Un drama que me oprime es que cada vez veo más lejano el momento de volver a disfrutar de Barcelona, de pasear por la parte baja del Ensanche, de perderme por sus Ramblas sin temor, sin necesidad de mirar asustado a ambos lados, de recorrer los barrios que retrataba Vázquez Montalbán, y de volver a comer en Casa Leopoldo, restaurante favorito de Pepe Carvalho (alter ego del novelista?).

Barcelona ha sucumbido, desgraciadamente, a nuevas corrientes urbanas que la han apartado de mis prioridades. Prefiero conservar en mi memoria lo disfrutado en sus calles que verme envuelto en una intifada de molestos antisistemas, su sociedad dominante en lo que llevamos de siglo XXI, permanentemente preparados para liarla con lo que tengan a mano y con el argumento que sea.
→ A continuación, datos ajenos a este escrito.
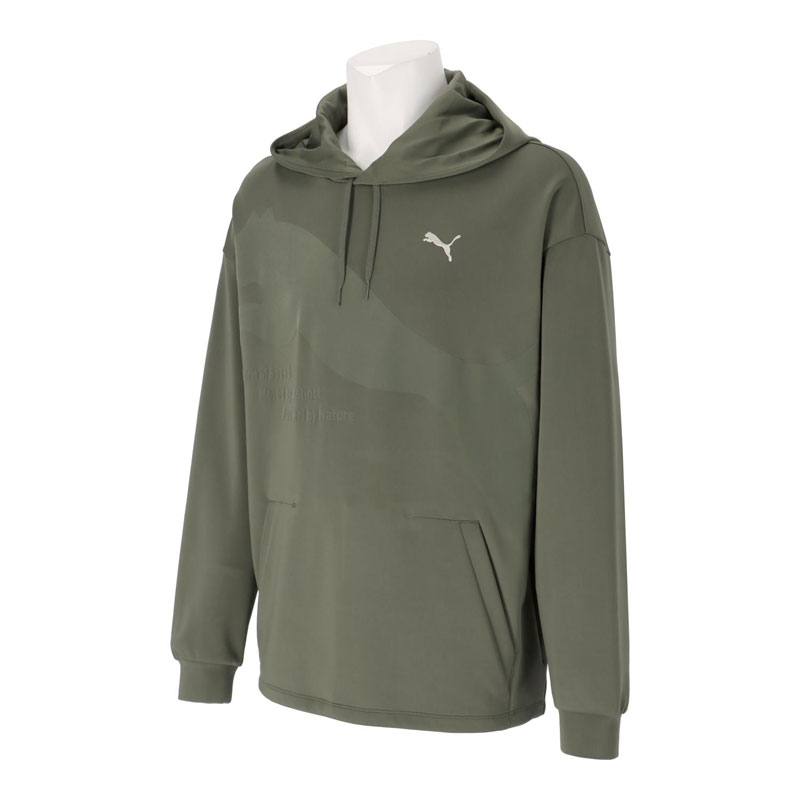PUMA(プーマ)ニット フーディーマルチアスレウェアスウェットシャツ529584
Para ellos todo vale y los Mossos no pueden con ellos.

Me abruma la decadencia de una ciudad que creció desde el barro de sus calles (Can Fanga), literaria su historia desde la Edad Media (La Catedral del Mar, Ildefonso Falcones, por ejemplo), creciente y floreciente entre las exposiciones universales de 1888 y 1929 ( La ciudad de los prodigios, Eduardo Mendoza), angustiosa y desesperada en la posguerra (Nada, Carmen Laforet) modernista y luminosa por momentos y misteriosa y enigmática cuando mejores galas lució (La sombra del viento, Carlos Ruiz Zafón). 

Barcelona renació unos años antes de las olimpiadas para dejar una incontestable mejora urbanística y de infraestructuras poco después de certificar la defunción de la generación de la Gauche Divine cuya decadencia aún pudimos disfrutar los privilegiados jovencitos de los ochenta que llegamos a apostarnos en la barra de Bocaccio, después de cerrar, ya de madrugada, los Quartier y Up&Down (solos y desconsolados "on the rocks") juntándonos con lo peor de cada casa mientras afuera, en la calle Muntaner,  ya apuntaba sus primeros rayos el tibio sol de invierno. 

Y ahora toda esa ciudad a tiro de un coctel molotov de los nenes de Ada. Manda güevos!!!!